Material for the task section start
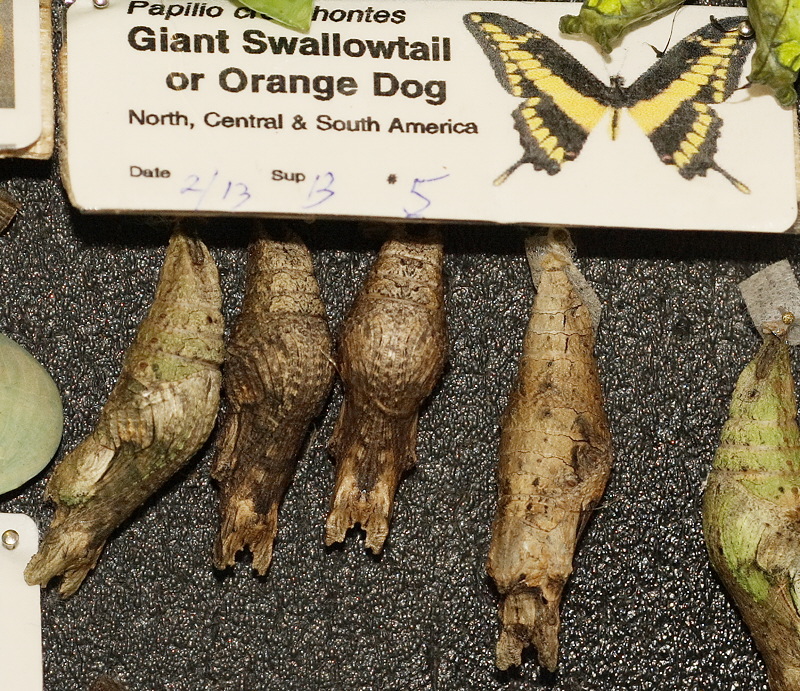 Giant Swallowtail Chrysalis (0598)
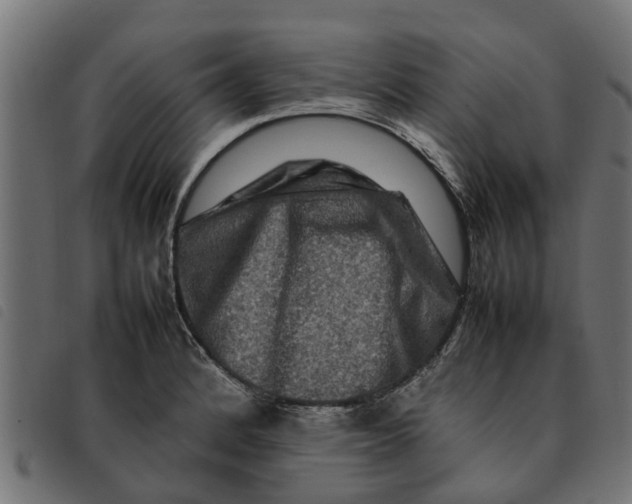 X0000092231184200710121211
Material for the task section end
Material for the task section start
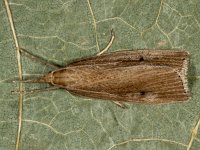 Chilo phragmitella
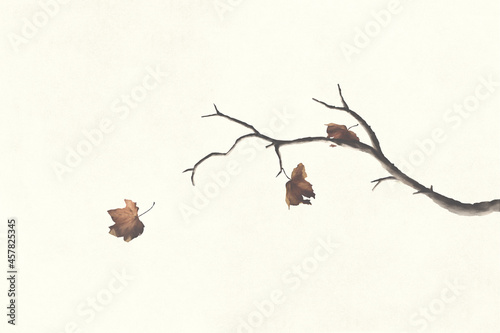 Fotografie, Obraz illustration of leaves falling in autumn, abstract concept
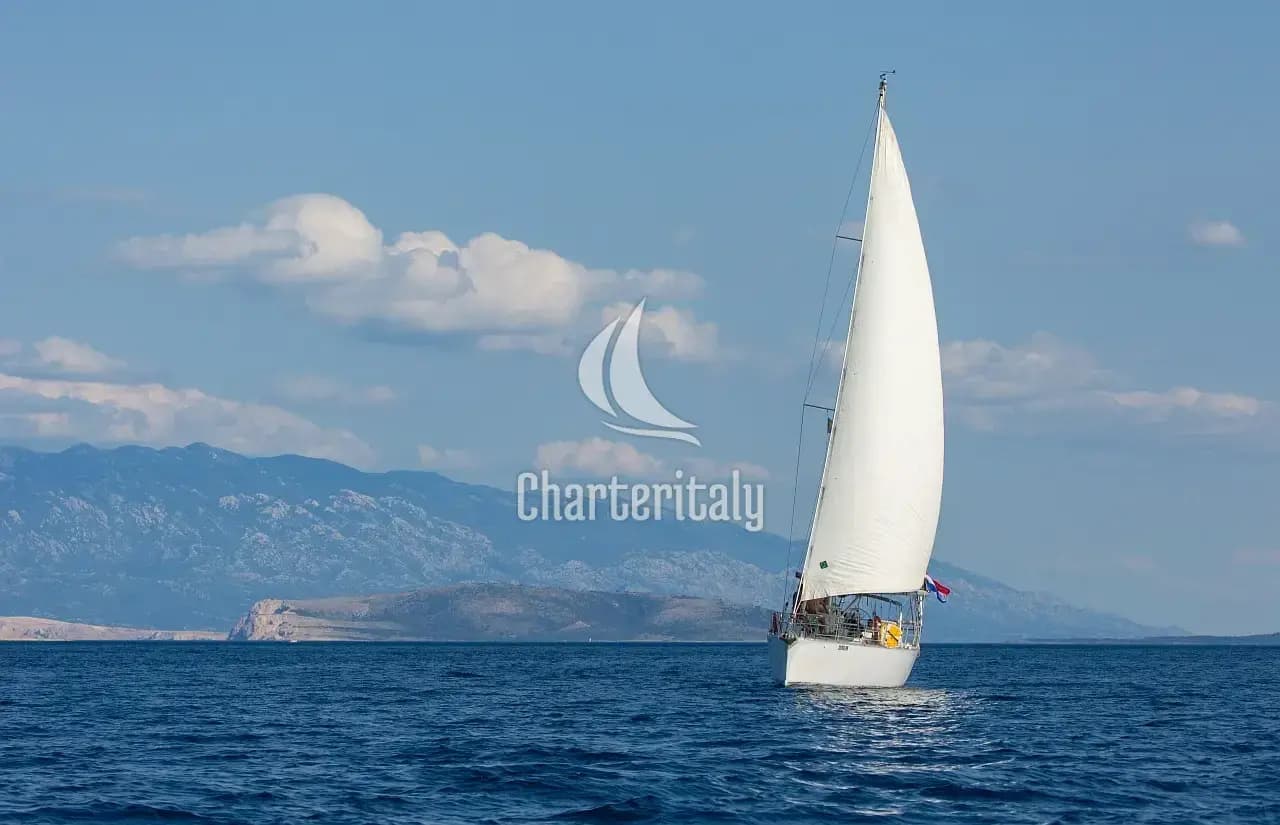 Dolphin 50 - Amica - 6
Material for the task section end
Material for the task section start
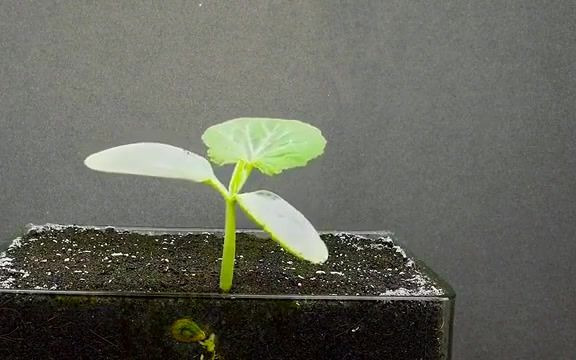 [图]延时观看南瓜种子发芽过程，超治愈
Material for the task section end
> _About this exercise_
What are the lines above from the one with "Giant Swallowtail Chrysalis (0598)" to the one with "X0000092231184200710121211", both included? Reproduce them exactly, without pictures.

> _Solution for this task_
 Giant Swallowtail Chrysalis (0598)
 X0000092231184200710121211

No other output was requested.